Dang, now I’m tempted to go pick it up…
Life Path? I don’t think so, I remember it having classes (Armsman was one).
Decades ago, can barely remember…
@gleichman – well, it was only $7 so I couldn’t resist. Turns out that while it is class-based, it has a Traveller-like enlistment system…you enlist in a service (most services accept all the classes in different roles) and then serve a number of terms, rolling each term to see if you get promoted, get an assignment particular to the service (command of a ship, discover a new planet) and if you can re-up, with mods based on your stats. Your total time in service and final rank determines mustering out benefits and how many extra points you can spend on skills, and the service determines what skills in what proportion you can spend on. So quite a bit more complicated than either D&D or Traveller, though perhaps not the most complicated I’ve seen.
Doesn’t seem like too much extra effort to me.
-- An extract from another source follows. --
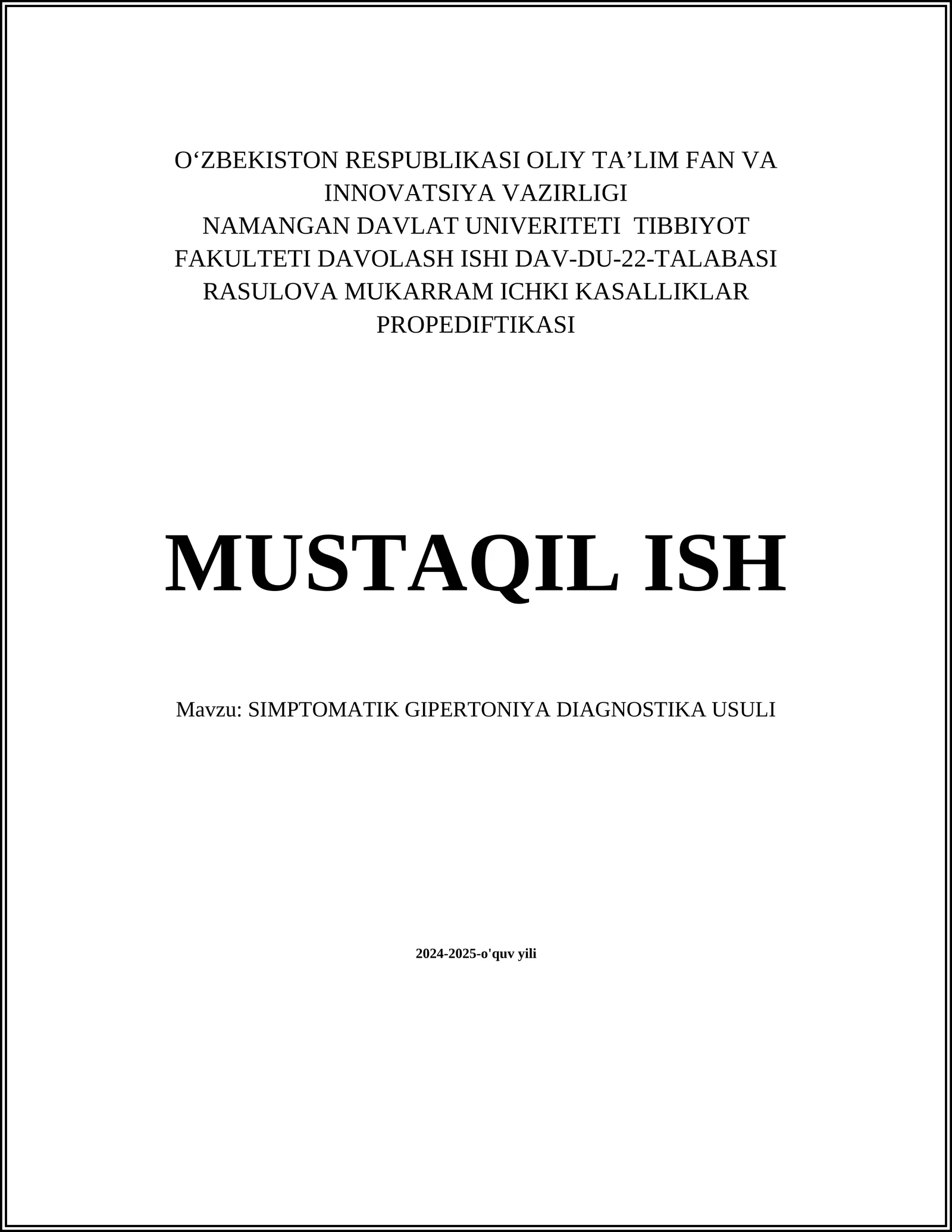 SIMPTOMATIK GIPERTONIYA DIAGNOSTIKA USULI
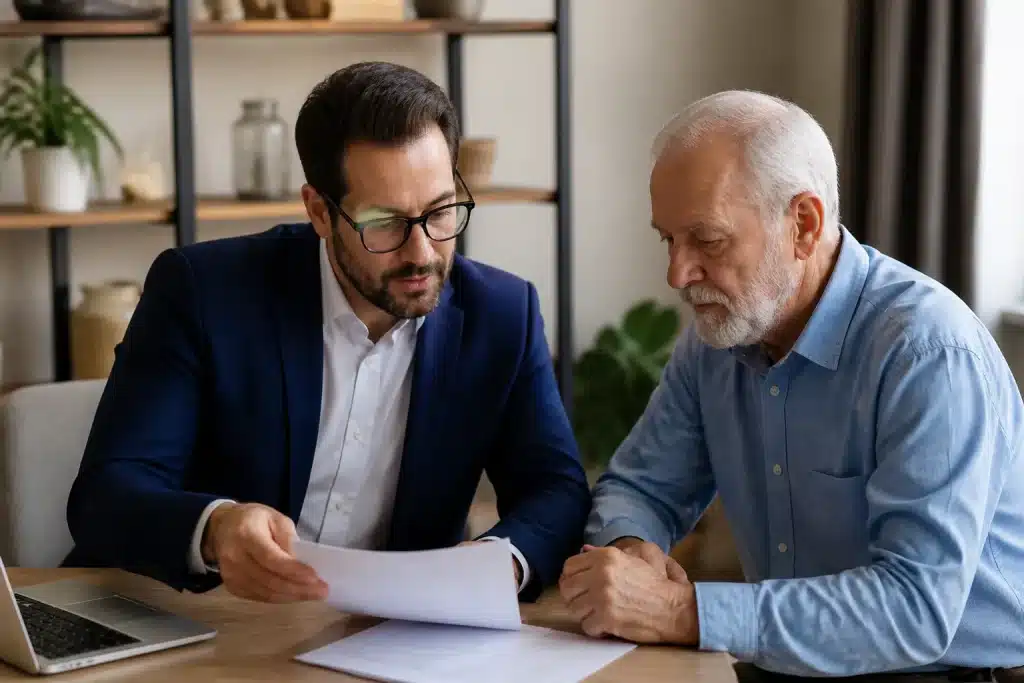 Conseiller retraite examinant documents administratifs avec client senior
More freedom than D&D (much like 3.5 D&D in a way), and more control (and more genre like characters) than Traveller.
I like the trade.
There are a rather excessive number of modifiers to the rolls, which vary by service, branch and rank attained, and there can be from 2 to 15 terms of service even without counting re-enlistment. It’s not terribly well organized, either. (E.g. the modifiers to one branch may say the same as some other branch in some other service, with the addition of X as a modifier.) I suspect it could be done fairly easily with a spreadsheet since there don’t appear to be any choices to make before you’re mustered out and have to allocate your skill points, but it seems potentially pretty tedious.